We all know the saying, “Everyone makes mistakes.” And if you’re like me, some days are just lurching from one mistake to another. This culpability to fallibility is a general trait of all humanity, and thus most mistakes should be looked over without too much of an overreaction.
However, when mistakes and errors are committed by the people that run this country, things need to be more highly scrutinized. The men and women who are the representatives and senators of each of our states are in positions that demand one to be as near to perfection as is humanly possible. This is because the consequence of a blunder can be dire indeed.
There are two types of mistakes one can make. You can have the “oops” moment, typically followed by a passive way of taking responsibility and by saying the overused phrase “my bad!” These types of mistakes are usually just hiccups in a long day, and hopefully no one can make an error based on this type of slip up that would destroy the country.

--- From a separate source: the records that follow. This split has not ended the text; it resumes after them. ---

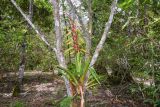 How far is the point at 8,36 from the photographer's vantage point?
14.5 m

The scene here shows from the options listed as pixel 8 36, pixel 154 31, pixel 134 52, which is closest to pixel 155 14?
pixel 154 31

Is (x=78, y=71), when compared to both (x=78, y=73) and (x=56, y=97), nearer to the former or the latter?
(x=78, y=73)

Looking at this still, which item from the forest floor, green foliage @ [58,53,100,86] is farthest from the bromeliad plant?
the forest floor

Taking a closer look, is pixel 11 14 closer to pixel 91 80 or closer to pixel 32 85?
pixel 32 85

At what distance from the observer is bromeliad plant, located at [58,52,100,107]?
5.60m

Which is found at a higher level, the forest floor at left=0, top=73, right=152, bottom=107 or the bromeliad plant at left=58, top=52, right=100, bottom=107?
the bromeliad plant at left=58, top=52, right=100, bottom=107

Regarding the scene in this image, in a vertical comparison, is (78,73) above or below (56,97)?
above

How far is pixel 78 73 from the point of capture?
5676 millimetres

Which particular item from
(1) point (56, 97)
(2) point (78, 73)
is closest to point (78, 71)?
(2) point (78, 73)

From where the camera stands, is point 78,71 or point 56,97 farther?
point 56,97

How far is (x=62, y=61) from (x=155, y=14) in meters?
2.87

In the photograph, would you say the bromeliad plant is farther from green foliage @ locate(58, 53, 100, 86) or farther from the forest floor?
the forest floor

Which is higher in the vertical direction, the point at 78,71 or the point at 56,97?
the point at 78,71

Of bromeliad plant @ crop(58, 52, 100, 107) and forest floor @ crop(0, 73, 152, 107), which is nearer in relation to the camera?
bromeliad plant @ crop(58, 52, 100, 107) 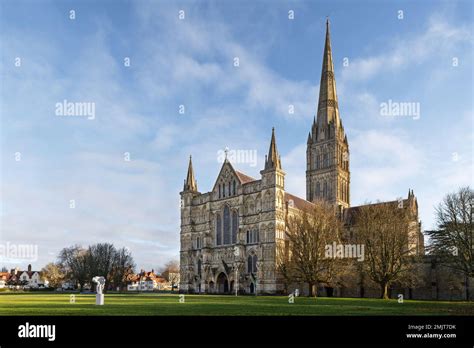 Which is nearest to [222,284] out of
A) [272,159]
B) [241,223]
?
[241,223]

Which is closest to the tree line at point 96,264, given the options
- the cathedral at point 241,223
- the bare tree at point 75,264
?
the bare tree at point 75,264

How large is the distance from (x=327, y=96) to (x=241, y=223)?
40.3 metres

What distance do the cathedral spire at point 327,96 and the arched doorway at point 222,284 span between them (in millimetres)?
41793

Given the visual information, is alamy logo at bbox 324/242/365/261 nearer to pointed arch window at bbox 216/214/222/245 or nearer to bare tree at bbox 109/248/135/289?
pointed arch window at bbox 216/214/222/245

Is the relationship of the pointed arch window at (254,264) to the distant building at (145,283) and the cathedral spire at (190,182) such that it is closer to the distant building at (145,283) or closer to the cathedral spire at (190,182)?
the cathedral spire at (190,182)

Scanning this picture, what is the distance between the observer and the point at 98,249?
331ft

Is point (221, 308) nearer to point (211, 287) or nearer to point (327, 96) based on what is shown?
point (211, 287) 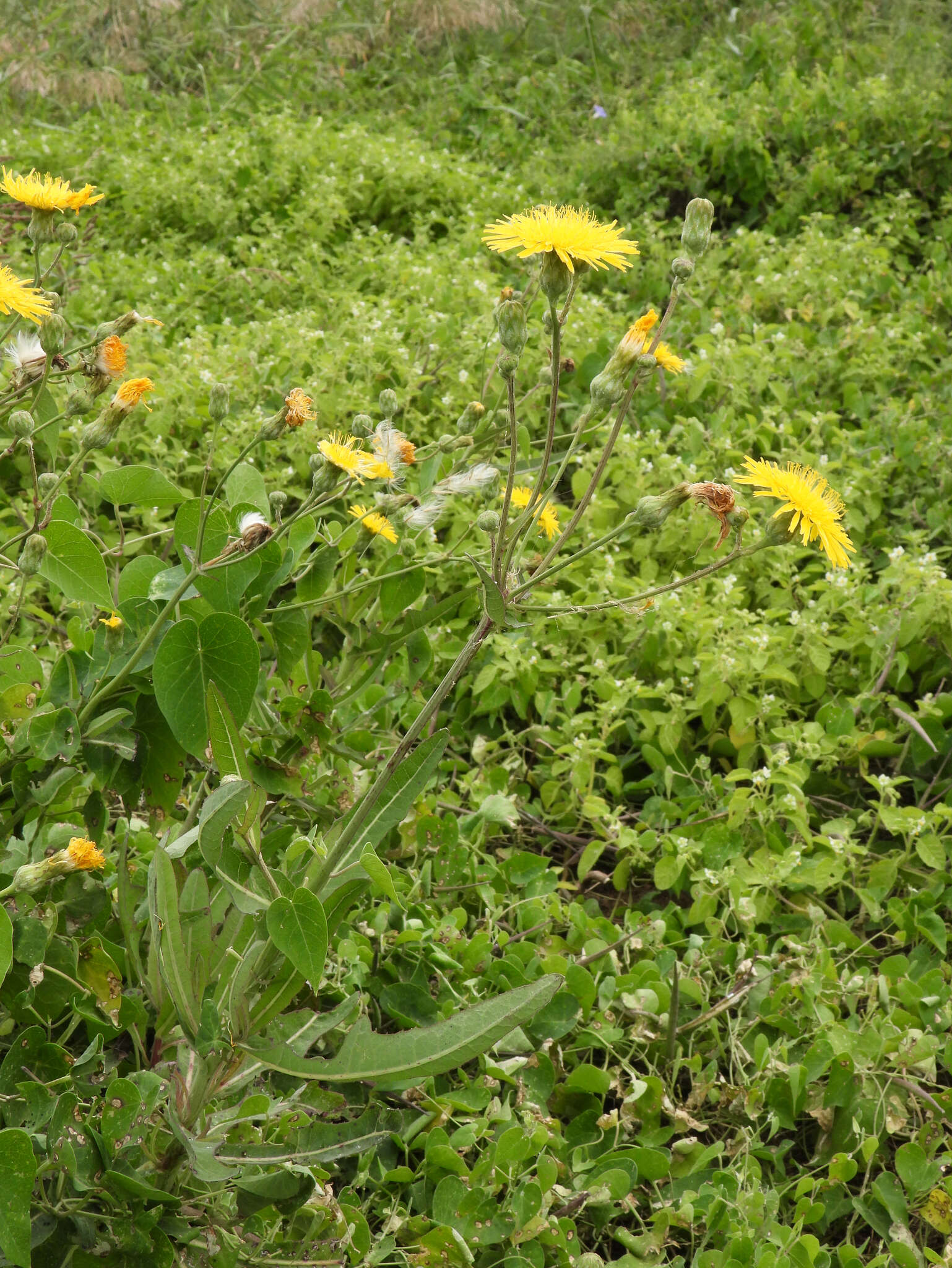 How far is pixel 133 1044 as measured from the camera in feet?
4.60

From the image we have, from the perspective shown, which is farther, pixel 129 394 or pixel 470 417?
pixel 470 417

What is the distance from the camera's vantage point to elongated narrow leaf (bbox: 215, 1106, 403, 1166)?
109 centimetres

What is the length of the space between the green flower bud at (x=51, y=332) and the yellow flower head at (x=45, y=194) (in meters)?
0.13

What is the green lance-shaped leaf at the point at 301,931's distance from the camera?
940mm

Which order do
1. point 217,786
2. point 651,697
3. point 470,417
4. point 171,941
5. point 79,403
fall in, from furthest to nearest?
point 651,697, point 470,417, point 217,786, point 79,403, point 171,941

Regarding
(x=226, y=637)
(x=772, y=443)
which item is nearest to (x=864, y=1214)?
(x=226, y=637)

The second type of mistake though, is far more serious. These types of blemishes are the lifelong blunders that will end a person’s career; errors in judgment that could spell disaster for our nation if they are continued for too long.
When someone makes a mistake, they have two choices: own up to it and fix it or continuously deny they are in any way wrong and hope to outlive the situation, or in some cases die before the truth is exposed. Surprisingly, some members of the government choose the latter quite often.
This phenomenon of living a lie day in and day out in order to avoid admitting an uncomfortable truth is something I’ll call the “Lewinsky” syndrome, for obvious reasons. Unfortunately, the syndrome seems to be a transmittable one that affects many people in powerful positions. When one has an unfortunate case of the Lewinski’s, they need to be quarantined and taken out of the publics’ service until they are ready to admit the proven truth.
There are several rather humorous yet depressing-examples of our elected officials making serious mistakes in judgment and beliefs, and then making the even bigger mistake of sticking with that belief no matter what. I am sure everyone will be as amused as I was when hearing what the people in charge had to say on various topics of national importance.
Marco Rubio, a Republican senator from Florida, has stated several times that he has seen reasonable debate on the issue of climate change. While this statement is somewhat vague, it is really a bad joke that a senator could still believe that global climate change is not occurring, and that man has not played a role in it. All credible scientific outlets are in consensus that global climate change is happening. But this guy made the mistake of questioning it, and is now living out that mistake instead of admitting his error.
My personal all-time favorite example of ignorance evolving into a career mistake is a state senate hearing on evolution. There is again, no credible scientific debate on if evolution occurs, yet a disturbingly significant amount of people have made the mistake of at one time denying evolution, and are now entrenched on the wrong side of fence.
Senator Walsworth from Louisiana was in a state hearing on why creationism should not be taught in science classrooms. He was convinced it should, and his ignorance is astounding. I encourage anyone to look up the video. He believes evolution means that all creatures turn into humans. How someone like this gets elected to help run our country is mind-boggling.
That is the kicker. These two above examples are just a puddle in an ocean of ignorance and idiocy that our congressmen make on a daily basis. When you make the mistake of saying the wrong thing it would be wise to back track. But instead these people live out their lives with the Lewinsky syndrome. It is certainly dangerous for our country, since it is being run partially by delusional and blundering individuals.
When you’re in a position of such great importance and power, it is ones duty to do their best. A mistake of getting low fat instead of fat free milk is a forgivable moment. But denying obvious truths is a catastrophe that no one can afford, especially when it isn’t even admitted as such.